Chez les hommes, le poids plume polonais Piotr Lobodzinski a fait étalage de toute sa classe, remportant l’épreuve en 7:50, devant le Bulgare Nikolov (8:12:16) et l’Italien Bernard Dematteis (8:12:47). « Cela fait 5 ans que je me suis spécialisé dans les courses d’escalier maintenant, et j’écume le circuit international » expliquera le vainqueur, qui s’envolera la semaine prochaine pour Doha. Des spécialistes que les coureurs de montagne et autres trayeurs n’ont pas pu suivre.
Seul Cédric Fleureton pourra rivaliser avec les meilleurs, se classant 5e et premier français (premier vétéran). « On ne peut pas dire que j’ai préparé cette épreuve comme il se doit. Je n’ai rien changé à ma prépa. J’ai continué à courir en nature, à faire du dénivelé. Je n’ai pas fait de spécifique, et je m’attendais à souffrir » dira le coureur lyonnais, champion de France de trail court l’an dernier. « Je manquais de rythme, et je suis peut-être parti trop vite.
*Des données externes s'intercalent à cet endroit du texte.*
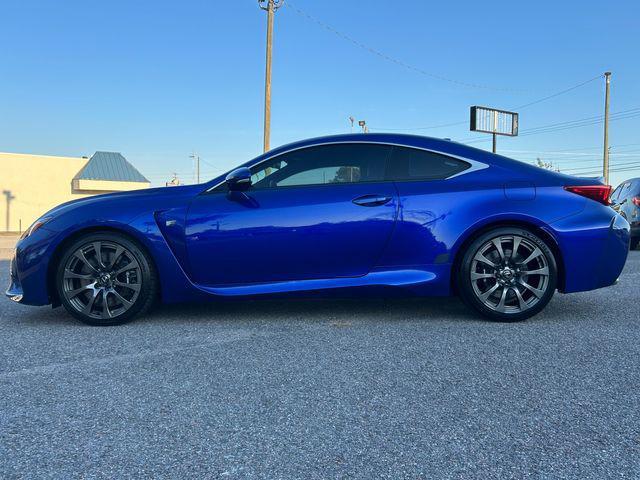 used 2015 Lexus RC F car, priced at $34,999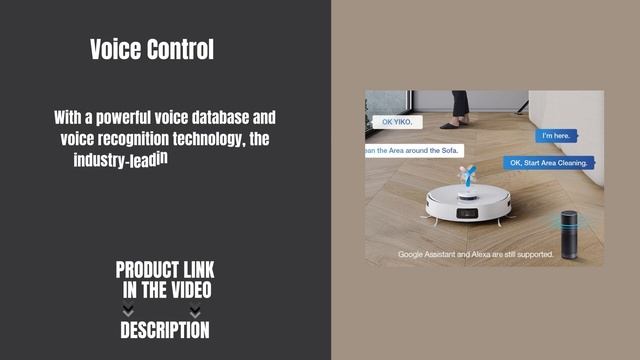 Revolutionizing Home Cleaning: ECOVACS DEEBOT T10 OMNI Robot Vacuum and Mop Combo смотреть онлайн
Sur ce genre de course, il faut savoir s’aider des bras, il y a une technique à maîtriser pour s’aider des rambardes, pour trouver le bon tempo. On m’avait conseillé de monter les marches deux par deux, c’est le seul point technique que j’ai pu mettre en oeuvre. Mais c’est vraiment un effort douloureux, on a hâte que ça finisse, on n’a pas le temps de profiter de la vue extraordinaire, car il faut quand même regarder où on met les pieds » racontera Fleureton, qui vise désormais le marathon du Mont Blanc en juin prochain, pour sa première sur une aussi longue distance.
Pour tous les autres, comme pour les premiers, la saveur du résultat ne comptait guère ce soir. A l’image du marathonien Julien Moreau (2h17 à Paris l’an dernier), ils étaient venus vivre « un rêve de gosse ». « Quand on est gamin, on ne rêve que d’une chose, c’est de monter tout en haut de cette Tour Eiffel ». Le rêve s’est réalisé pour 48 veinards ce soir, dans une ambiance des plus conviviales, et plutôt fraîche en son sommet. Les organisateurs auront réussi à faire communier divers univers autour d’un même événement, qui ouvre magistralement l’Eco Trail de Paris 2015.